- O Estado de S. Paulo
• Deixadas às próprias forças, as amarras que travam economia demorarão mais a se desfazer
Praticamente terminada a batalha da PEC do Teto dos Gastos, começa a guerra da reforma da Previdência. Apoiado numa campanha publicitária em que o mote é “Reformar hoje para garantir o amanhã”, o governo entrega ao Congresso Nacional um projeto de restrições à concessão de benefícios previdenciários, em relação aos critérios em vigor, com o objetivo de adequar benefícios e contribuições.
Com repercussões contracionistas menos difusas do que as presentes na PEC do Teto dos Gastos, a reforma da Previdência, presumivelmente, reunirá resistências mais intensas do que as observadas na longa tramitação da PEC. Essa perspectiva será tanto mais verdadeira quanto mais se prolongar a frustração com o desempenho da economia no curto prazo.
Ainda que possa produzir impactos positivos nas expectativas de recuperação da economia, quem sabe revertendo a retração dos índices de confiança ocorrida com o aprofundamento da recessão no terceiro trimestre do ano, a aprovação da PEC, em mais alguns dias, e a apresentação da reforma da Previdência não interferirão em nada nas condições econômicas objetivas, que continuam adversas. Essas condições assim permanecerão por longo período, se o desmanche das amarras que hoje travam as decisões de investir e consumir for deixado às suas próprias forças.

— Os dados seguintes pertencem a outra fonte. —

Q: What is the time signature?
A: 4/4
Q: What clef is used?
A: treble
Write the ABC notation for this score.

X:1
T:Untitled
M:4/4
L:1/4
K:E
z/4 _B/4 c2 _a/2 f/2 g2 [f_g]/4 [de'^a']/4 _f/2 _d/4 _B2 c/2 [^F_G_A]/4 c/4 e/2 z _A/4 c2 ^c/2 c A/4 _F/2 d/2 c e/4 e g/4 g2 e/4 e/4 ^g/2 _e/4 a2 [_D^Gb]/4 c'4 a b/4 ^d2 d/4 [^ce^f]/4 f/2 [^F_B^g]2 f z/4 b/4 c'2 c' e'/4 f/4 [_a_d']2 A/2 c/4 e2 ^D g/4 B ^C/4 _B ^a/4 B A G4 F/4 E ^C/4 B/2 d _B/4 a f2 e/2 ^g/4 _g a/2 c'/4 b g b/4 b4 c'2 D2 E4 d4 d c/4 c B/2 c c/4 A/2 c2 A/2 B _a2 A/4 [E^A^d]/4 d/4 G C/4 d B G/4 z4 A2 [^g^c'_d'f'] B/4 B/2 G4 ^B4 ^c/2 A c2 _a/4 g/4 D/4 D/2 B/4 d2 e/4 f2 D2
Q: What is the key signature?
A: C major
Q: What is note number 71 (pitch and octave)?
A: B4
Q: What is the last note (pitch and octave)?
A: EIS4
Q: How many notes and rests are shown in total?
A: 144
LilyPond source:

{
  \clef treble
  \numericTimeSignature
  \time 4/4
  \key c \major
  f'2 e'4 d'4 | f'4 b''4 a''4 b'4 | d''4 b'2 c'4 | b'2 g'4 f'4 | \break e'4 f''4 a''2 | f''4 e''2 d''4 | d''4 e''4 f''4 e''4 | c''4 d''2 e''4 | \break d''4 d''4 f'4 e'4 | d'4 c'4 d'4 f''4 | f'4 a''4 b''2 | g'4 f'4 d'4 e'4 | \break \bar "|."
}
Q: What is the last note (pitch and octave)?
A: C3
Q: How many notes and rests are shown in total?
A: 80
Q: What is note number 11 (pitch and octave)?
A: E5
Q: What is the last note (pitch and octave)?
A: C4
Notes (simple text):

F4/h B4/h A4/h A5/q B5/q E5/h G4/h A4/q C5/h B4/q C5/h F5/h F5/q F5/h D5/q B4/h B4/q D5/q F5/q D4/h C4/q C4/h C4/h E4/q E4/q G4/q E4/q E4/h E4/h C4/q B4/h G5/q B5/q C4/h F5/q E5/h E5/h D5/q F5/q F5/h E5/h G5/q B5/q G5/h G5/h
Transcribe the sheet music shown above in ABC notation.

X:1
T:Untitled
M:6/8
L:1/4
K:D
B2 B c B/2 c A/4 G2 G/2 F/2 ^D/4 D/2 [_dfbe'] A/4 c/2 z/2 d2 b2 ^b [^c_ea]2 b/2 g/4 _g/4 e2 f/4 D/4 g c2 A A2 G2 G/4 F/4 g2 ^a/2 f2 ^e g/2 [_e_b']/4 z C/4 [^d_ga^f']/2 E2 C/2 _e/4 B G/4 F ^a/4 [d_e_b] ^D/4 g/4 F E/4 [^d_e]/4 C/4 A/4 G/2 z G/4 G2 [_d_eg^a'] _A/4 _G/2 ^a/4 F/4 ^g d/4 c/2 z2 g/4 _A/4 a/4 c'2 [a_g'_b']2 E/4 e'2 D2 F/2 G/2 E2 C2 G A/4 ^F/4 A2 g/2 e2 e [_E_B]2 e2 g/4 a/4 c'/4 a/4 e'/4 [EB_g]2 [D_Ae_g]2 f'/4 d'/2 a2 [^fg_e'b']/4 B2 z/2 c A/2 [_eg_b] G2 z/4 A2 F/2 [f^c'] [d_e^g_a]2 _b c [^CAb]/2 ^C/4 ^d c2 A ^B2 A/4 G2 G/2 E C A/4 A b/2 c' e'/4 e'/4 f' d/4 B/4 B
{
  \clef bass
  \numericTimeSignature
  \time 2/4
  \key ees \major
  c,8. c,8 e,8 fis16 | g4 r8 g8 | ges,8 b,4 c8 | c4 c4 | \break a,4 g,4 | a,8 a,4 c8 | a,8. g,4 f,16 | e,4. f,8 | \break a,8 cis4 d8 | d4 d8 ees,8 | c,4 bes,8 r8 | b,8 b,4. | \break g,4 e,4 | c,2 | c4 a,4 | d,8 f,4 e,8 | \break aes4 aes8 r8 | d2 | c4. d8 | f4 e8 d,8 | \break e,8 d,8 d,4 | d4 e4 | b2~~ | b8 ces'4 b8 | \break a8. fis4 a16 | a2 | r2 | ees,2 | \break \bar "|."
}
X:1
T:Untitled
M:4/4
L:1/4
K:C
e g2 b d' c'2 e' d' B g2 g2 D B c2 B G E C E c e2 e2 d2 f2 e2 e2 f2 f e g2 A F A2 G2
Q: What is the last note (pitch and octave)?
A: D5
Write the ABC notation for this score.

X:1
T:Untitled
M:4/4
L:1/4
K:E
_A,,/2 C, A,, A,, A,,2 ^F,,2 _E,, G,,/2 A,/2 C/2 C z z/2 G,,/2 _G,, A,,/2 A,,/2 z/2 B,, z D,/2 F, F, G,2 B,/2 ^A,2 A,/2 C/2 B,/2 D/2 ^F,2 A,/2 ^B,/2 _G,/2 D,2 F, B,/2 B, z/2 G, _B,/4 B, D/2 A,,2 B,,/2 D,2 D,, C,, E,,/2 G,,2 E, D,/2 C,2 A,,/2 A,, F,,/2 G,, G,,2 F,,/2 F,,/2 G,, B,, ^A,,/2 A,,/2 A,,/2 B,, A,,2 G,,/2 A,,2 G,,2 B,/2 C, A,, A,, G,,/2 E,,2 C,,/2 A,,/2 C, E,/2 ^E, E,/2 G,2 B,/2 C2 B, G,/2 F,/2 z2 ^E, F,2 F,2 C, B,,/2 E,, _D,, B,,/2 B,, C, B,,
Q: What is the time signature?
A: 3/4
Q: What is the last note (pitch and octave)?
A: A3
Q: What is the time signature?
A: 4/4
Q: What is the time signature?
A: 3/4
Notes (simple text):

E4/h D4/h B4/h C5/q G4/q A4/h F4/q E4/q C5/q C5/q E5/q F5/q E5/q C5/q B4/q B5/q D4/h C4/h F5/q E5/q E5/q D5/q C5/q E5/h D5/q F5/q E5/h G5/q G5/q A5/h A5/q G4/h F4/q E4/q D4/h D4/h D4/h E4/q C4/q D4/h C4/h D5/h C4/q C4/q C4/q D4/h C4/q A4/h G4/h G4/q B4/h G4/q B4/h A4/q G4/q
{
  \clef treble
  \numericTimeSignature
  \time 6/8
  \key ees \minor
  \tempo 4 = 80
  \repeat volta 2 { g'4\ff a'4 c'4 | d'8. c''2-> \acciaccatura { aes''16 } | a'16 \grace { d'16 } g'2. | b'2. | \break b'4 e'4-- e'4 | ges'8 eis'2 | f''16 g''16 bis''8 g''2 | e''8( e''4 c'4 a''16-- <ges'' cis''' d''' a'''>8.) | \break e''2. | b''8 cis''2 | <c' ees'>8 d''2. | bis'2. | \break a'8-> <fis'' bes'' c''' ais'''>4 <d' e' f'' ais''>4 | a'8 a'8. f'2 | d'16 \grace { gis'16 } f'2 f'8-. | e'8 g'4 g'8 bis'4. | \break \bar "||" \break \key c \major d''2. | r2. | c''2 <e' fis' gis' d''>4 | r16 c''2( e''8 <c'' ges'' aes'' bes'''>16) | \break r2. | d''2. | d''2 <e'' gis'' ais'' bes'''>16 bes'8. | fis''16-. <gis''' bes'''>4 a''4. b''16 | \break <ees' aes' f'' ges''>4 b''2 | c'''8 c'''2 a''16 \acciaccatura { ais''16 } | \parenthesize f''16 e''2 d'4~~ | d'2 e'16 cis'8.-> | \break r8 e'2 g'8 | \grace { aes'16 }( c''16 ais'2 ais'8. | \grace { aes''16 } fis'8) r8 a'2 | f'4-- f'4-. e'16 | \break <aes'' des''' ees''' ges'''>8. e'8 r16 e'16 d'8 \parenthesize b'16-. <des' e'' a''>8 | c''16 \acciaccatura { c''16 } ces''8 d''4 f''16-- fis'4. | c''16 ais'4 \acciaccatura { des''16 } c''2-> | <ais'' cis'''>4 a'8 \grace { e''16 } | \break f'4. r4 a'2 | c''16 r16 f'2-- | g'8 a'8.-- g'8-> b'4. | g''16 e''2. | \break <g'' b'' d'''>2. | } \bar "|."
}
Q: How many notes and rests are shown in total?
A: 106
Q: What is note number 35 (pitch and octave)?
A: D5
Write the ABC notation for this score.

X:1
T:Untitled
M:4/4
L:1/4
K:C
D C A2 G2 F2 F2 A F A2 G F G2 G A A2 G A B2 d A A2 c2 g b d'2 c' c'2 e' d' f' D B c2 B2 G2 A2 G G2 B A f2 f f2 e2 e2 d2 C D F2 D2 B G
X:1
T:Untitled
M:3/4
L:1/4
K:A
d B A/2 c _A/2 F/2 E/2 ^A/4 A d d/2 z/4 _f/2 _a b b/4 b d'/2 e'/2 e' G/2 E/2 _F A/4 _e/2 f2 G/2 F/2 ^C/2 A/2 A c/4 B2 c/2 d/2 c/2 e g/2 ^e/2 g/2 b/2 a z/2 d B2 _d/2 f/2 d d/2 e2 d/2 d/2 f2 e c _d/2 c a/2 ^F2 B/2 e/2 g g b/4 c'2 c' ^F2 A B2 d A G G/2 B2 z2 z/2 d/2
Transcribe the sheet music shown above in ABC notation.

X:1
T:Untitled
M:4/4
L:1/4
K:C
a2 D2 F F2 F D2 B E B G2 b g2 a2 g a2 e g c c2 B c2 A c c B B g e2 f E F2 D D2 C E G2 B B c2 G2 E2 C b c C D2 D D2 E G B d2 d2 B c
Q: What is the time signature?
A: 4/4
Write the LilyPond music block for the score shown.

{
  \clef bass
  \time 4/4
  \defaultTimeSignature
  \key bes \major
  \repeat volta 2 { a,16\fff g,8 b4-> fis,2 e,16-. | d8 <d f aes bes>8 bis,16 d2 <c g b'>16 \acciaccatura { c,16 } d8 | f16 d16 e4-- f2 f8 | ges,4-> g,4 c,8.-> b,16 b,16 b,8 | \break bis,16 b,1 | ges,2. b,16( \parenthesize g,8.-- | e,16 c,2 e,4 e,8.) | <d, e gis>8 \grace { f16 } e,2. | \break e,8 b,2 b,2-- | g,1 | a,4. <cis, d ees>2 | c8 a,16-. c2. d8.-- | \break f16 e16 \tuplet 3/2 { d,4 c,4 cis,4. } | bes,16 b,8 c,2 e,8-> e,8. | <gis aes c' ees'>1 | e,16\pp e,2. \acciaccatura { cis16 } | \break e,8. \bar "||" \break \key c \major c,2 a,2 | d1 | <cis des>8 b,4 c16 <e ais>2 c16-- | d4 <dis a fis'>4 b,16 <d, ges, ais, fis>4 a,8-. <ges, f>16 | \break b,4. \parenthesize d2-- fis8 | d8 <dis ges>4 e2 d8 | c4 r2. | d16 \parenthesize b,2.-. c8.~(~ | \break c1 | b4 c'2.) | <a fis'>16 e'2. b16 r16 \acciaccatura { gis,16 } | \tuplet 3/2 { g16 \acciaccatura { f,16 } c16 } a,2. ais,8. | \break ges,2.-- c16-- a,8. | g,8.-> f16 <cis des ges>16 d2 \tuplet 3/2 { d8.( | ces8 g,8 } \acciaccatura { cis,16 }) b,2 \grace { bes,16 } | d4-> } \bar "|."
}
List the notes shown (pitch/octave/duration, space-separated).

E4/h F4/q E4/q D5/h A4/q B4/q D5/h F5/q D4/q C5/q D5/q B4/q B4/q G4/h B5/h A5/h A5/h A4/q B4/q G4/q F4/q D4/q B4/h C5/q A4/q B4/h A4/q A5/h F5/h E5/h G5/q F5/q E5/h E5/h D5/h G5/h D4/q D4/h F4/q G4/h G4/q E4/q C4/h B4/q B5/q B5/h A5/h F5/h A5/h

Se são necessárias para o reequilíbrio estrutural da economia, nem a PEC, nem a reforma da Previdência desempenhariam função efetiva na retomada mais imediata do crescimento. Com a PEC avançando no Congresso e o anúncio do início da reforma da Previdência na plataforma de lançamento, as projeções para a evolução do PIB, em 2017, têm recuado com alta velocidade. Se estavam em 1,36% de alta, em outubro, no Boletim Focus de ontem já recuavam para 0,8%, num movimento para baixo que parece ainda não ter se esgotado.
A perspectiva de mais um ano de estagnação deixou claro, nos últimos dias, que evitar o longo curto prazo de retração econômica delineado pelos indicadores econômicos passou a desempenhar papel crucial no ambiente político. A impaciência com a aparente paralisia do governo Temer ante as questões que mantêm a economia travada saiu da sombra dos bastidores e chegou à luz do dia. A senha, não importa se voluntária ou involuntária, foi dada por uma entrevista do ex-presidente do Banco Central Arminio Fraga, candidato tucano permanente ao Ministério da Fazenda, à colega Claudia Safatle, doValor. Para Arminio, além do esforço com as reformas fiscais, o governo também poderia estar trabalhando em “uma agenda de reformas microeconômicas”.
Sem decidir se cede às manobras noturnas de sua base no Congresso para aprovar as reformas ou sinaliza com mais clareza não compactuar com tais manobras sob o risco de não reunir quórum para fazer avançar o ajuste, Temer se equilibra numa linha tênue. A fragilidade política de seu governo, com ministros e líderes ameaçados pela Lava Jato, e a falta de ação na direção de destravar a economia, deu passagem a pressões explícitas sobre o ministro da Fazenda, Henrique Meirelles. Ele é acusado de ter descuidado na busca de saídas mais imediatas para os canais entupidos da economia.
Embora possa haver exagero na acusação, não deixa de ser verdade que Meirelles parece ter dormido nos louros da crença nos supostos poderes restauradores dos índices de confiança, depois de revigorados por indicações de firmeza na obtenção futura do ajuste fiscal. O ciclo virtuoso confiança-investimento-emprego-crescimento, defendido por Meirelles e sua equipe, tem origem numa controversa formulação teórica pós-crise global de 2008, resumida na hipótese da “contração expansionista”, segundo a qual a austeridade fiscal pode resultar em expansão econômica. Mas o fato é que a teoria nunca se realizou completamente nas economias maduras que abraçaram o experimento e também não está respondendo no Brasil.